Miyashita: we could use robots.txt, but the 100s or 1000s of other licensees—there’s no means for them to exclude; publishers would have to implement robots.txt, and then the stolen sites would be the prominent results.  (That’s … not exactly true in that the publishers could implement robots.txt just for images, and allow text to be indexed.  And then there is the DMCA.)
 
Aistars: many people we work with are individual authors. To the extent there are ways to aggregate and get value from works, whether monetary or data/interaction, those are positive things.
 
Sigall: has seen interesting things happen around accommodating multiplicity of uses, fair and unfair.  Videogames.  Valve’s Steam platform: starts from ground-up understanding of what customers and users and creators all understand about what you can and can’t do. They accept fair limits because the platform has been built that way.  Create norms around usage that are more meaningful, enforceable, and practical than if you looked to the Copyright Act to mediate the transaction.
 
Samuelson: the role of TPMs and anticircumvention.

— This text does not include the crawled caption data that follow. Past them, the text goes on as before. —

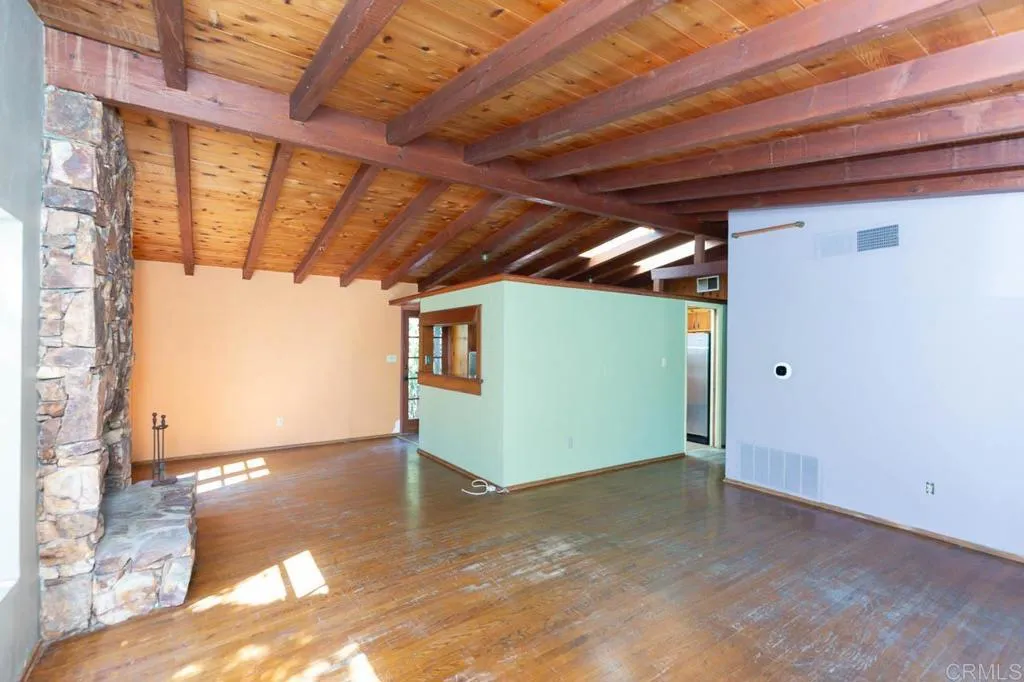 https://cdn.realtyfeed.com/cdn/127/306551594/d8a45ad0c213d7a5e92725c789a9049e.webp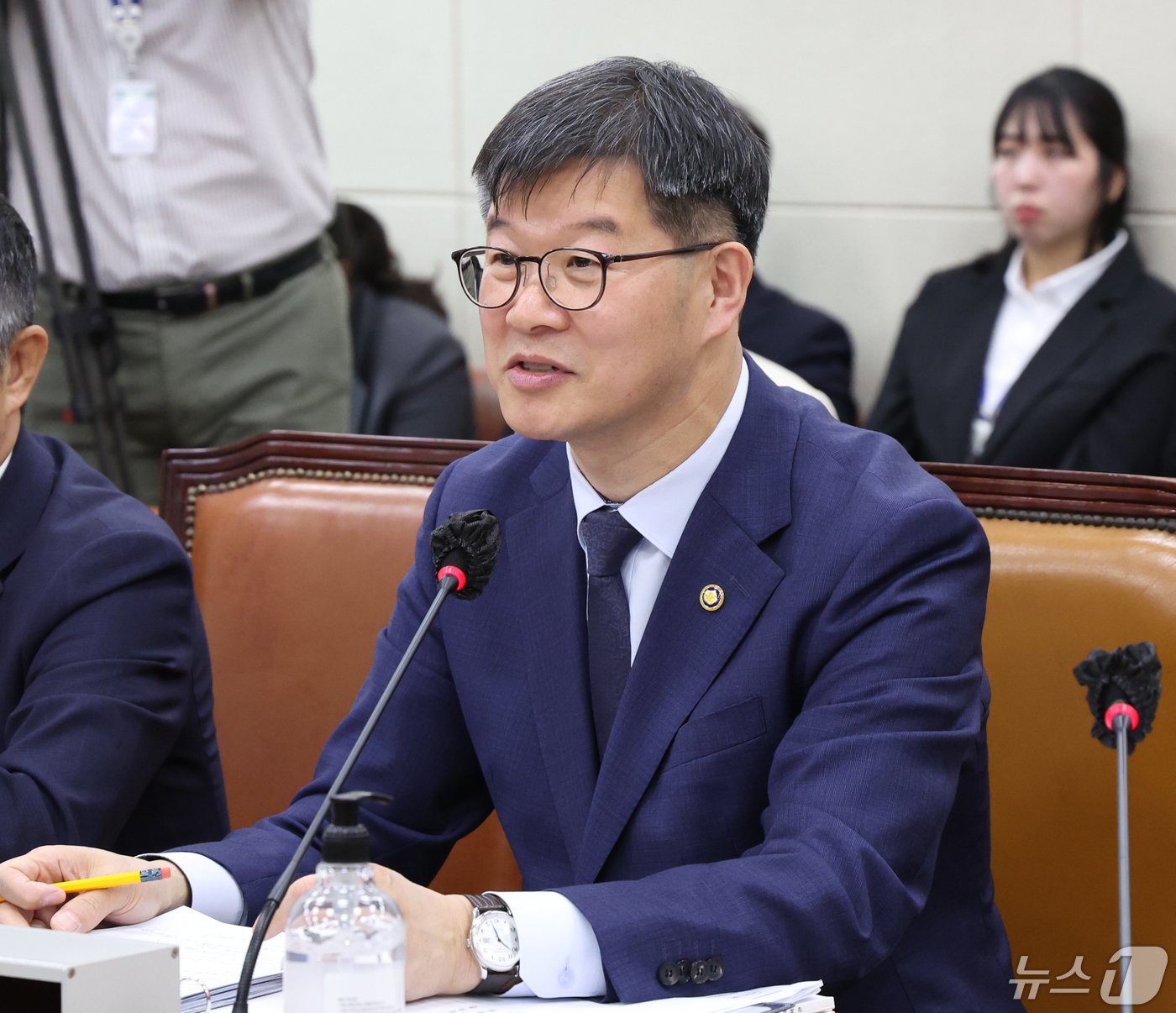 이기일 보건복지부 제1차관이 30일 서울 여의도 국회에서 열린 연금개혁특별위원회 전체회의에서 의원들의 질의에 답변하고 있다. 2024.4.30/뉴스1 ⓒ News1 송원영 기자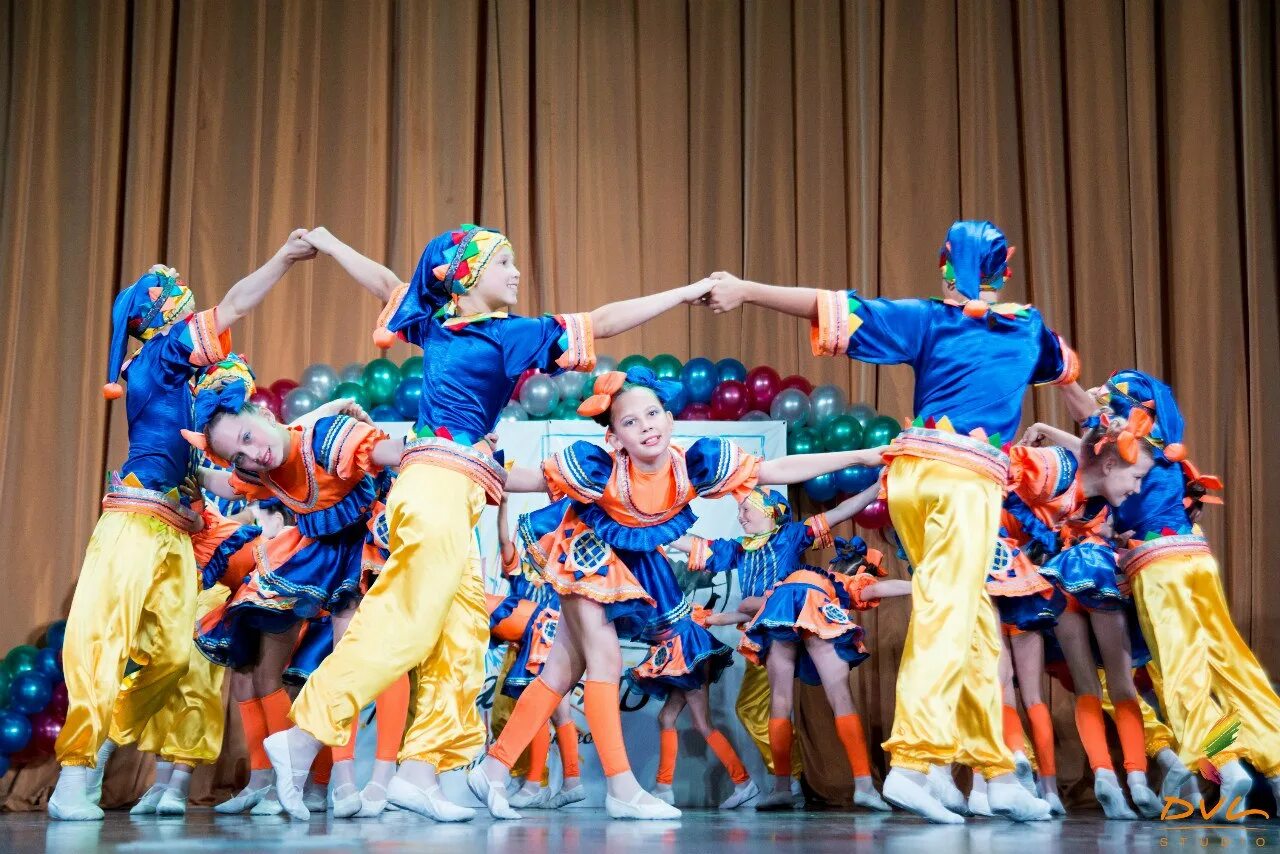 декорация для детского театра-студии. театральный фестиваль-конкурс. театральный олимп. театральный конкурс в сочи. конкурс алиса в стране чудес.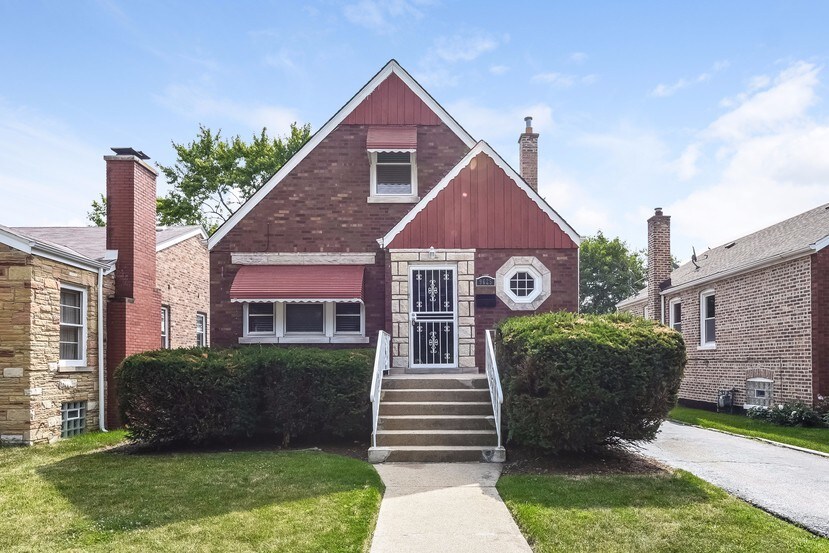 Primary Photo - 9625 S Maplewood Ave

When I read §1201 submissions from GM and the Auto Alliance, they have concerns about battery life and warranties, not about infringement. In the internet of things, TPMs may become a new set of issues; fair use circumventions already happen every day. How will TPMs and anticircumvention evolve?
 
Sag: most TPMs don’t work. When they’re circumvented, often won’t give rise to liability, for courts following Chamberlain and Lexmark. Attempts to use TPMs to control aftermarket could be an antitrust violation if you buy a single-brand lock-in theory. Lots of moving parts, and then there’s whether the Copyright Office should be writing regulations.  (Um, the answer is clearly no: what business of the Office is it how long the battery of your car lasts?)
 
Sigall: there’s a role for TPMs to preserve the rights of copyright owners. Valve uses TPMs in a pretty significant way, but they’ve built it to be flexible.  Tech is deployed in a social and communal setting that determines whether or not the tech works; the legal architecture sits in the broader community.  If you do it right you diminsh the need for circumvention.  You will have abuse of tech, abuse of legal protection. Safety valves: the © Office rulemaking, which gives us information about what’s working and what’s not. Chamberlain and Skylink also showed courts willing to create exemptions that didn’t exist in the statute. Don’t paint too broad a brush: TPMs aren’t going to save copyright owners or destroy users.  (Just uses.)
 
Brauneis: in a networked world, when you can keep important parts of the works on a remote server, the use of TPMs is less important. 
 
Aistars: TPMs can reassure authors into supporting new formats. Problematic when used for printer cartridges and garage door openers; courts have been able to get it right.